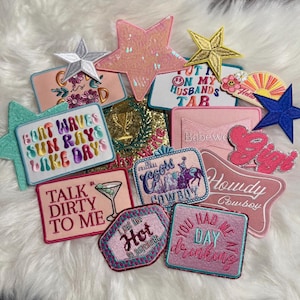 May include: A collection of colorful iron-on patches with various sayings and designs, including "Boat Waves Sun Rays Lake Days", "Talk Dirty To Me", "You Had Me At Day Drinking", "Howdy Cowboy", "Coors Cowboy", "I Like Hot Mommas", "Babewe", "Put On My Husbands Tab", and "The Original".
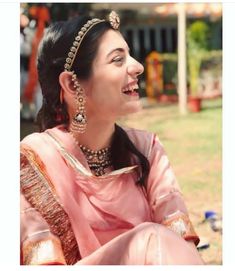 an image of a woman with jewelry on her neck and face, looking up at the sky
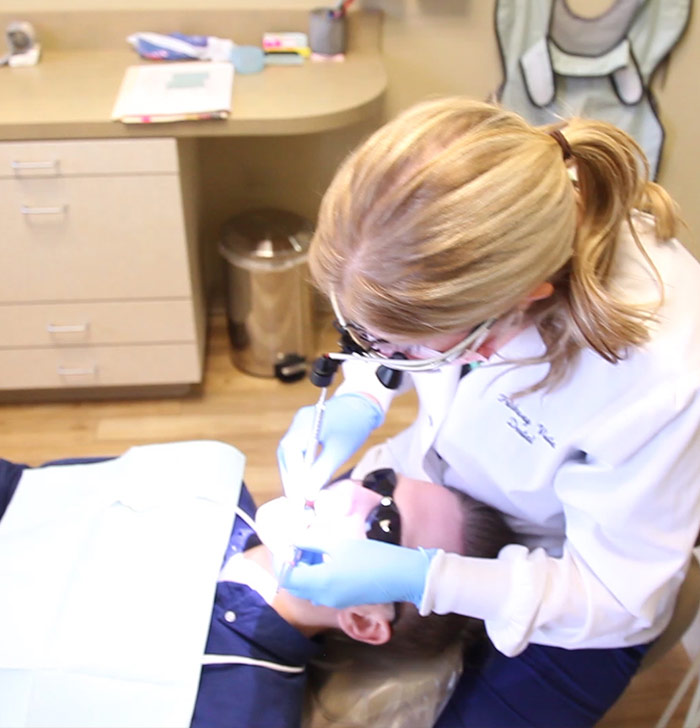 Plano dentist working on patient's smile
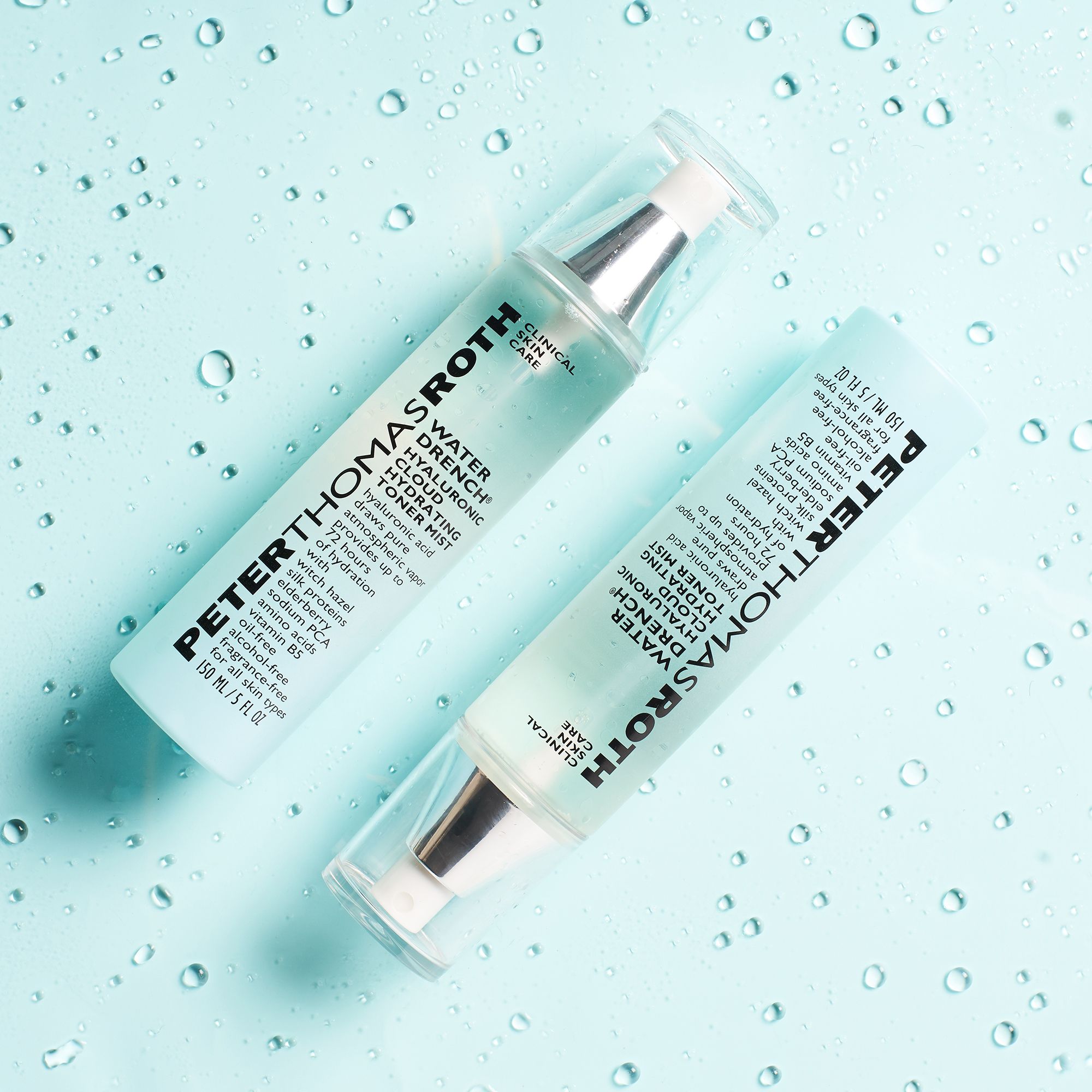 Zwei Peter Thomas Roth Water Drench Hydrating Toner Mist Flaschen. Auf blauem Hintergrund mit Wassertropfen.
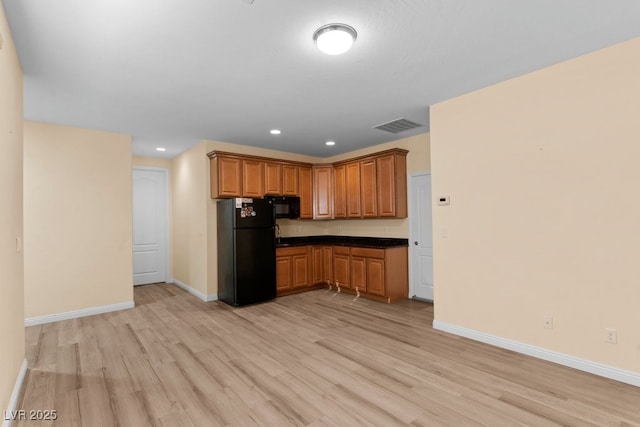 kitchen featuring light wood-type flooring and black appliances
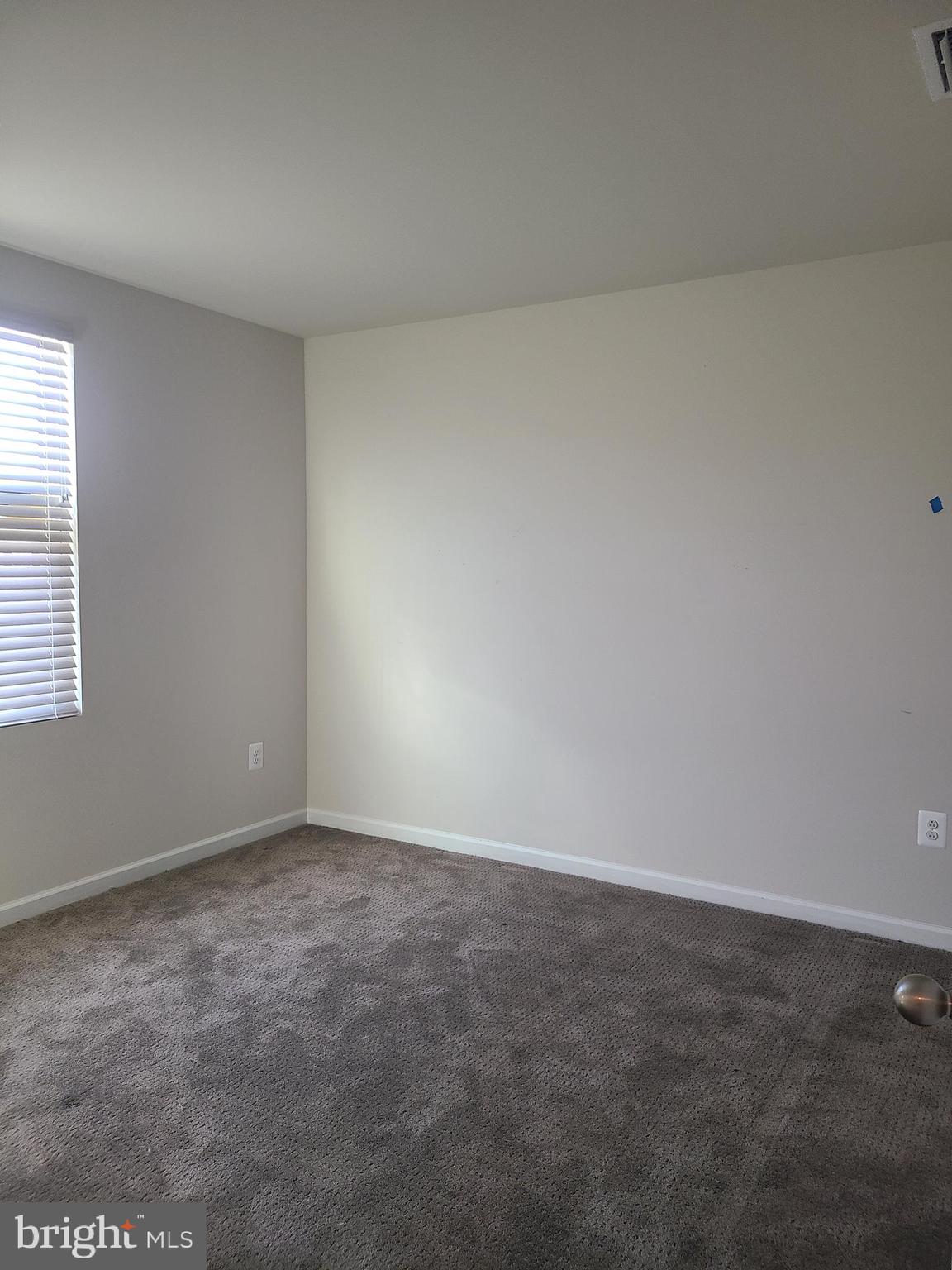 105 Mariners Way Cambridge, MD 21613 - Photo 10 of 45 an empty room with a window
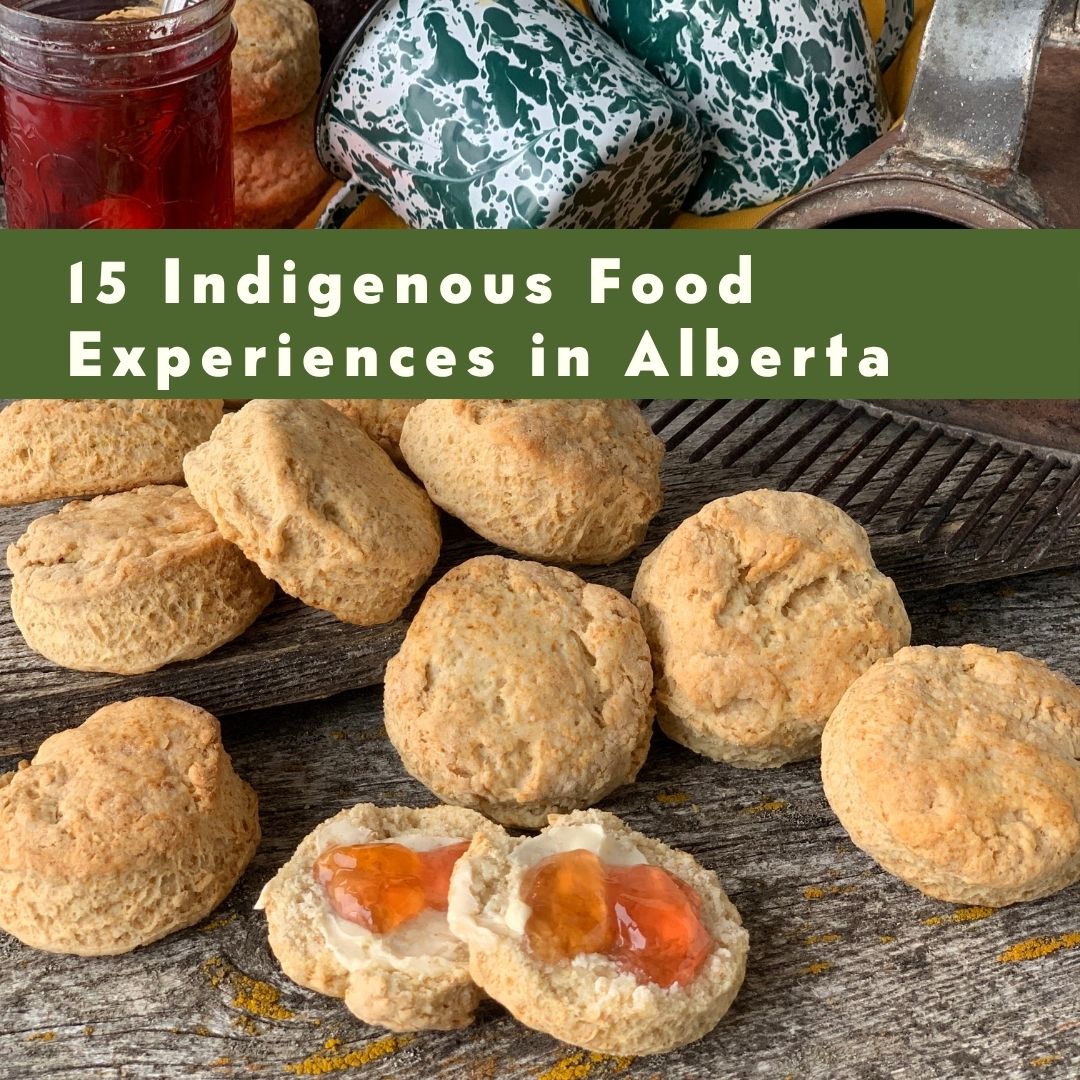 Biscuits with jam, a kettle, and text: '15 Indigenous Food Experiences in Alberta'.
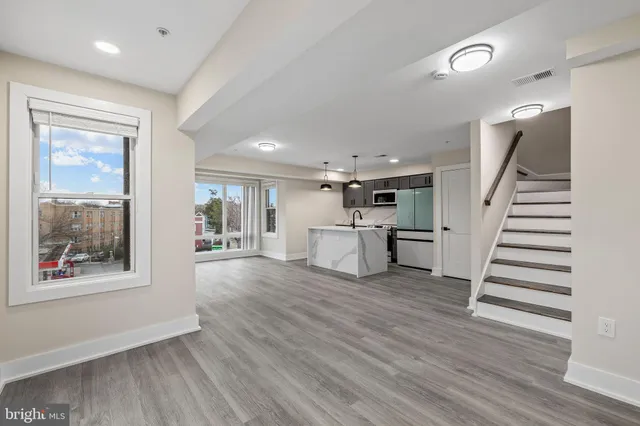 a kitchen with a refrigerator and a stove top oven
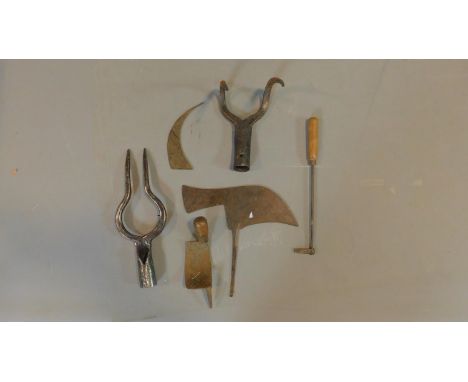 A miscellaneous collection of vintage and antique metal garden tools.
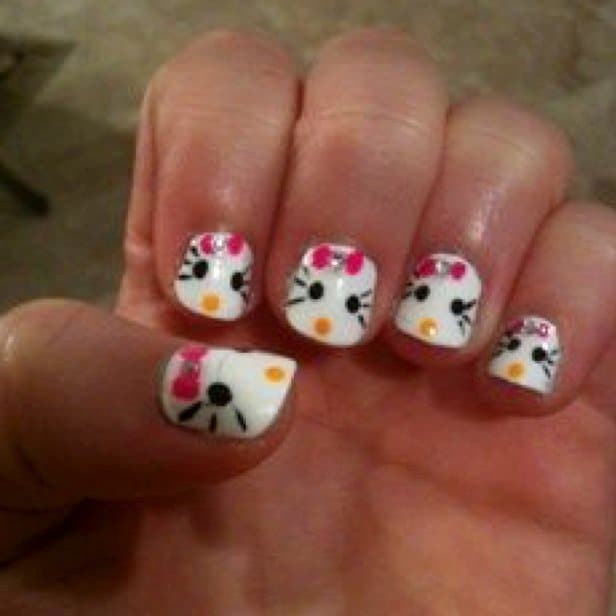 hello kitty nails with bow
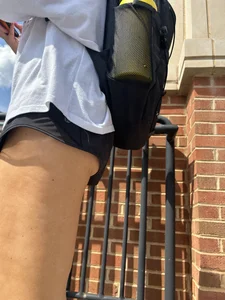 SIDE views of college girls walking to class showing legs and ass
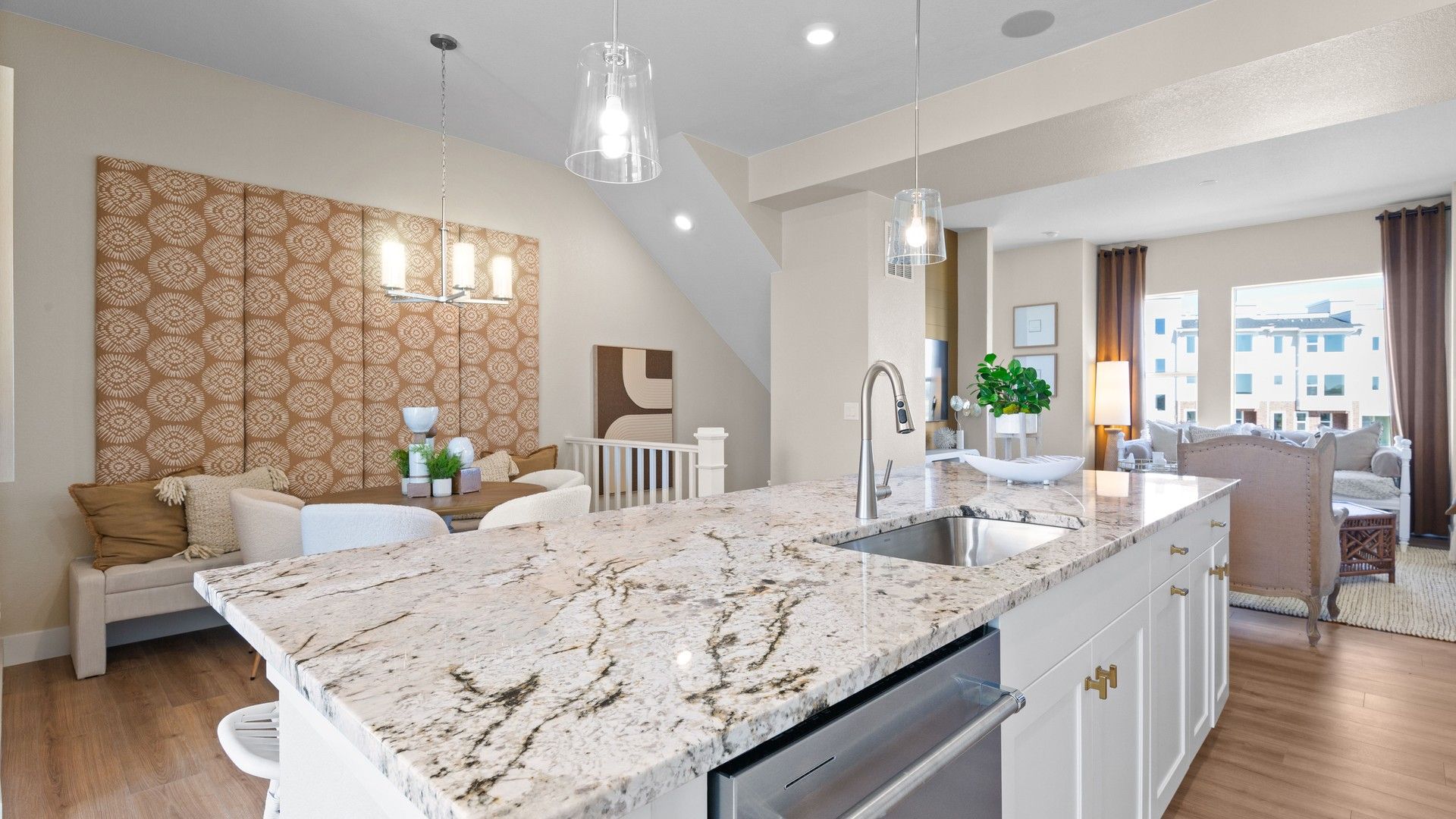Polished granite island and stylish pendant lighting elevate this Dillon Pointe kitchen's elegance.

The problem: Repeat exactly the lines in the entries from the one containing "Biscuits with jam, a" to the final line, inclusive, and nothing beyond them; skip pictures.

Expected output:
 Biscuits with jam, a kettle, and text: '15 Indigenous Food Experiences in Alberta'.
 a kitchen with a refrigerator and a stove top oven
 A miscellaneous collection of vintage and antique metal garden tools.
 hello kitty nails with bow
 SIDE views of college girls walking to class showing legs and ass
Polished granite island and stylish pendant lighting elevate this Dillon Pointe kitchen's elegance.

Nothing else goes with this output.